The Right Hon. Sir Stephen Cave, G.C.B., was the eldest son of the late Mr. Daniel Cave, of Cleve Hill, near Bristol, and of Sidbury Manor, Devonshire. He was born in the year 1820, and was educated at Harrow and at Baliol College, Oxford, where he took his Bachelor's degree in 1843, obtaining a second class in the school of Literæ humaniores. In 1846 he was called to the Bar of the Inner Temple, and for a short time went the Western Circuit. In 1859, on the death of Sir Charles Burrell, he was elected M.P. for Shoreham, and continued to represent that constituency in the Conservative  interest down to April last.

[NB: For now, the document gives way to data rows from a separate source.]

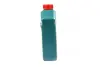 Олива двигуна 1L Castrol Magnatec 10W40 A3/B4 CASTROL 15CA1E (фото 2)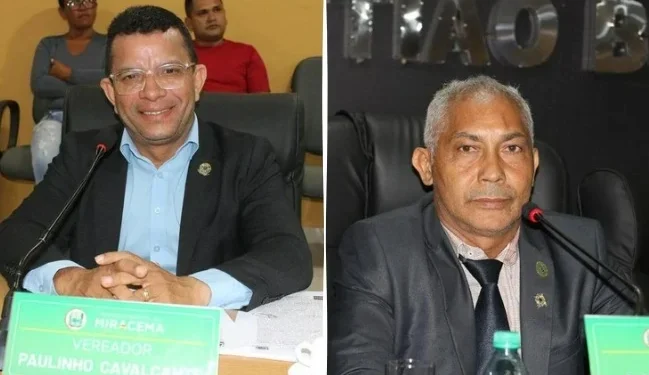 Vereadores atentos a problemas na zuna rural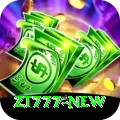 zt777 Gold - Free Download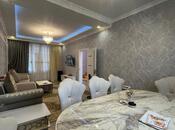 Продаётся 4-комн. дом/дача 120 м², Абшеронcкий  р., photo 6 from 8
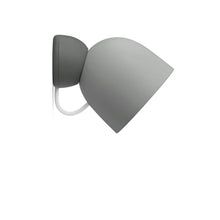 978daad8-224f-4017-8222-d51f6f120254.922dc31dee80dbad68bda952c6d917f1 - Brands For Less USA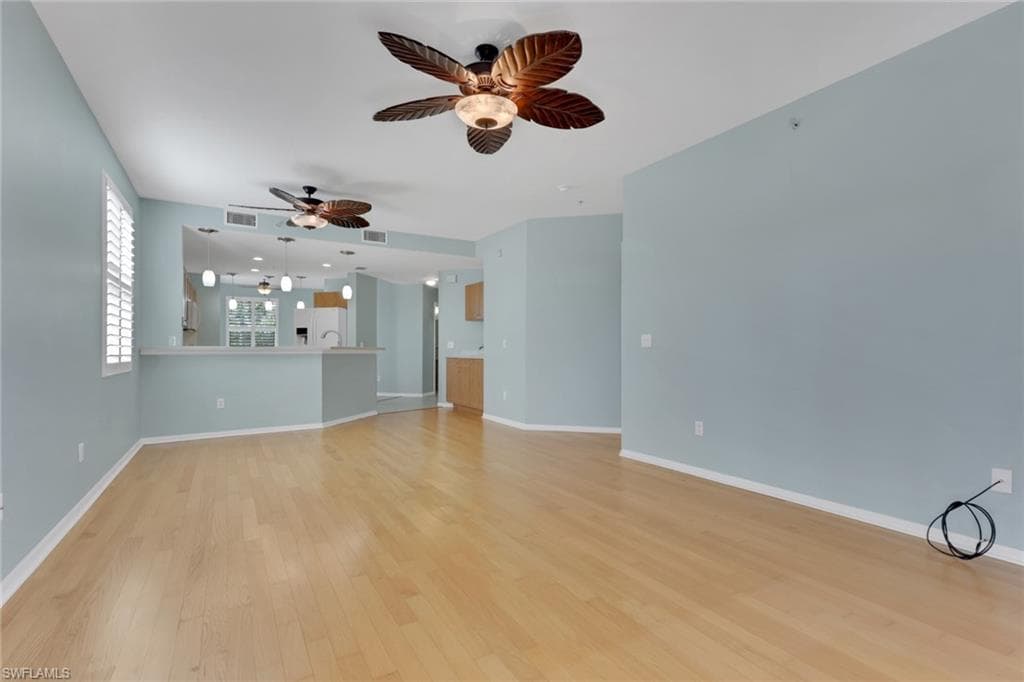 4005 Palm Tree BLVD # 208, CAPE CORAL FL 33904-13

He was sent on a special mission to Paris in 1866, and in the same year was appointed Paymaster-General and Vice-fPresident of the Board of Trade; but this post he resigned with his party in 1869. In 1874 he was reappointed Paymaster-General, and in the winter of 1875-76 was sent to Egypt by Lord Beaconsfield as special envoy to report on the financial difficulties of that country. At the dissolution in March last he resigned his seat as member for Shoreham, and at the same time he was nominated a Knight Grand Cross of the Order of the Bath, Civil Division. He went down to Windsor to be invested with that honour, and many of his friends at the time feared he would not live long to enjoy it, as he had long been in failing health.

Sir Stephen Cave was a magistrate and deputy-lieutenant for Gloucestershire, a commissioner of lieutenancy for London, and president of the West India Committee; he also was at one time a director of the Bank of England and of the London Dock Company. He married, in 1852, Emma, daughter of the late Rev. William Smyth, of Elkington Hall, Lincolnshire, sometime prebendary of Lincoln Cathedral.

He joined the Association in 1873 as a life Member, and was elected President the same year, and delivered an able address at the meeting at Sidmouth. The following year he filled the office of Vice-President. He died on Monday, June 7th, 1880, aged 59 years.